The patience of a sell-out crowd, tested by yet more rain and the whims of the umpires, appeared somewhere close to breaking point during the last – and longest – of three afternoon stoppages.

But the slow hand-clapping and jeers that rang around the stadium when tea was taken under clear skies morphed into rapturous cheers as Pietersen embarked on a one-man peacekeeping mission.

He batted with immense fluency and supreme confidence, his concentration seemingly unaffected until he fell for 85 in the penultimate over of a day that saw 51 overs' play and ended with England 195 for four.

Although they lead by only 11, having bowled Sri Lanka out for 184 following a delayed start today (like every other), the manner in which Pietersen played not only sated the appetite of the spectators but gave England enough time to build a potentially match-winning total tomorrow.

The quality of his innings was heightened by the position from which it was constructed, with England tottering on 14 for two following the early loss of Andrew Strauss and Jonathan Trott.

Alastair Cook

Alastair Cook makes light of the stoppages to score 55, becoming only the fourth Englishman to pass 50 in six straight Test innings

Pietersen added 106 for the third wicket with Alastair Cook, who, in making 55, became only the fourth Englishman to score a record six successive Test half-centuries, and 71 with Ian Bell, who was 39 not out at stumps.

Hindsight is always a handy tool, but from the moment Pietersen straight-drove his third ball for four there seemed little doubt he was destined to score runs today.

And how.
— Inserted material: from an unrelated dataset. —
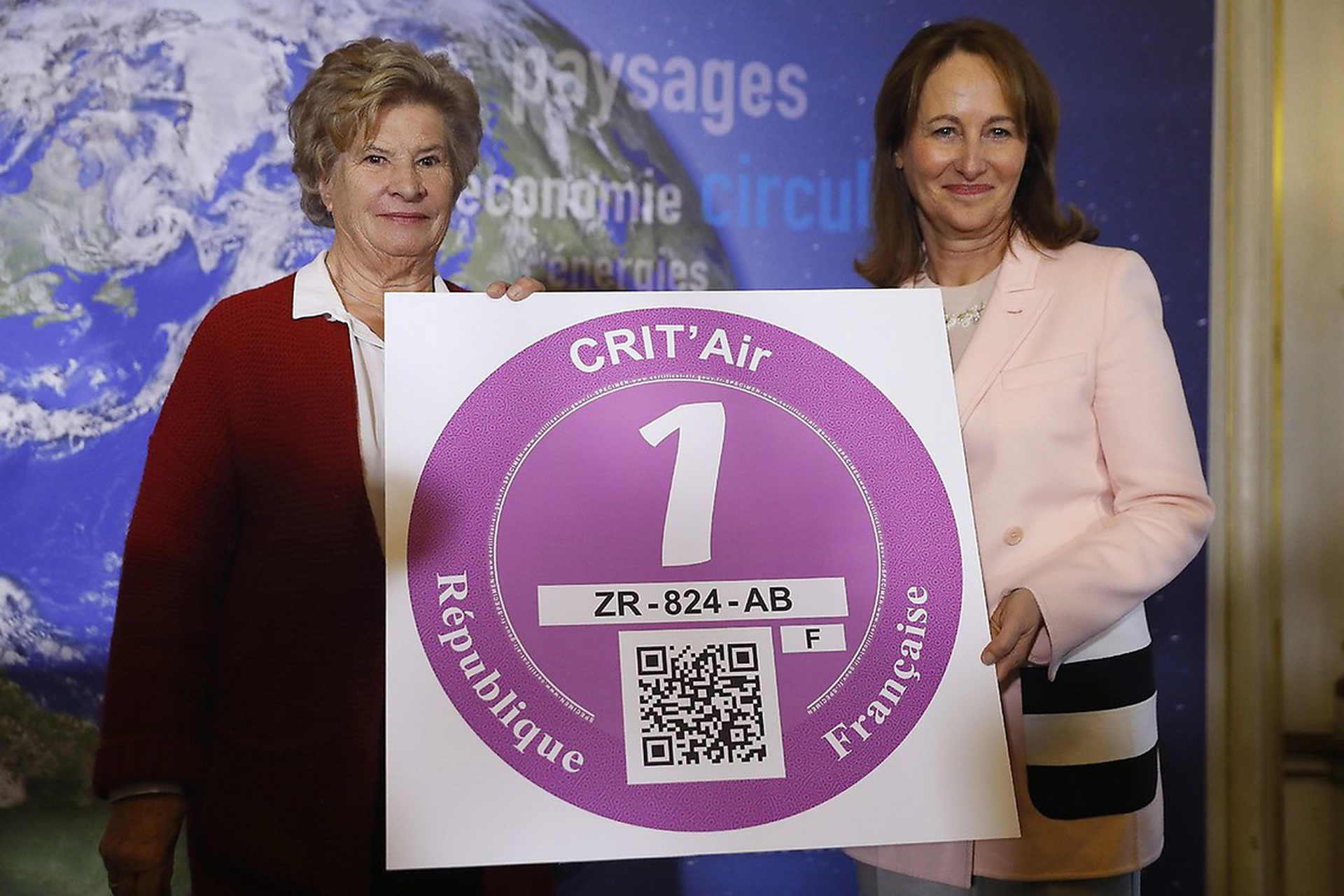 Parigi, le vignette adesive “ghigliottinano” i Diesel più inquinanti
He oozed authority during his 115-ball innings, which contained 14 fours, the majority courtesy of an admirably straight bat.

Afforded a rapturous reception from his old home crowd when he walked out to bat, the ovation Pietersen received upon his return to the pavilion was equally fulsome. Only the cheer which greeted the first ball after the most infuriating of the afternoon stoppages was louder.
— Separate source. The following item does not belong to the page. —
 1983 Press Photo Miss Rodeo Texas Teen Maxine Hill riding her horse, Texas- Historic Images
England needed just 10 minutes this morning to claim the last wicket of a Sri Lanka innings spanning three days.

By having Chanaka Welegedara, driving, taken at short extra-cover, Stuart Broad celebrated his first victim of the match after the tourists resumed on 177 for nine.

Dilhara Fernando finished unbeaten on 39 – his highest score in Tests – the value of which was heightened by the demise of Strauss and Cook in the first eight overs of England’s reply.

Andrew Strauss

Andrew Strauss falls for three, extending his poor run of form after England had mopped up the Sri Lanka tail this morning

Strauss fell for single figures to left-arm seamer Welegedara for the third successive innings, drawn into playing at an outswinger that ended in the hands of Tharanga Paranavitana at first slip.

Trott, too, will be aggrieved at the manner of his dismissal, caught behind driving to give Suranga Lakmal reward for his rather obvious plan of bowling round the wicket.

Pietersen and Cook played with no little panache in repairing the damage. The former prospered square of the wicket, but the cleanest strikes of the day belonged to Pietersen, who thrice drove Lakmal in the arc between mid-on and mid-off before advancing to thump left-arm spinner Rangana Herath emphatically through extra-cover in the last over before lunch.

The crowd may have been unable to hide their frustration at seeing the players repeatedly forced from the field - the hard-working groundstaff deserved better - but Pietersen and Cook were seemingly unaffected.

Cook, having joined Patsy Hendren, Ted Dexter and Ken Barrington in passing 50 in six straight innings, was smartly held by Thilan Samaraweera at gully as he drove loosely at Dilhara Fernando, who later left with the field with knee trouble.

Bell scored with such freedom that he outscored Pietersen during their 16-over alliance, but the latter was responsible for arguably the most memorable shot, a disdainful pull off the front foot as he gave seamer Thisara Perera the charge.

Having reined in his attacking instincts as the day drew on, it came as a surprise when Pietersen edged an expansive drive off the same bowler.

Given the enjoyment he had provided - in a game when 155 overs have been lost thus far - any criticism directed his way at failing to reach three figures would be wholly misplaced.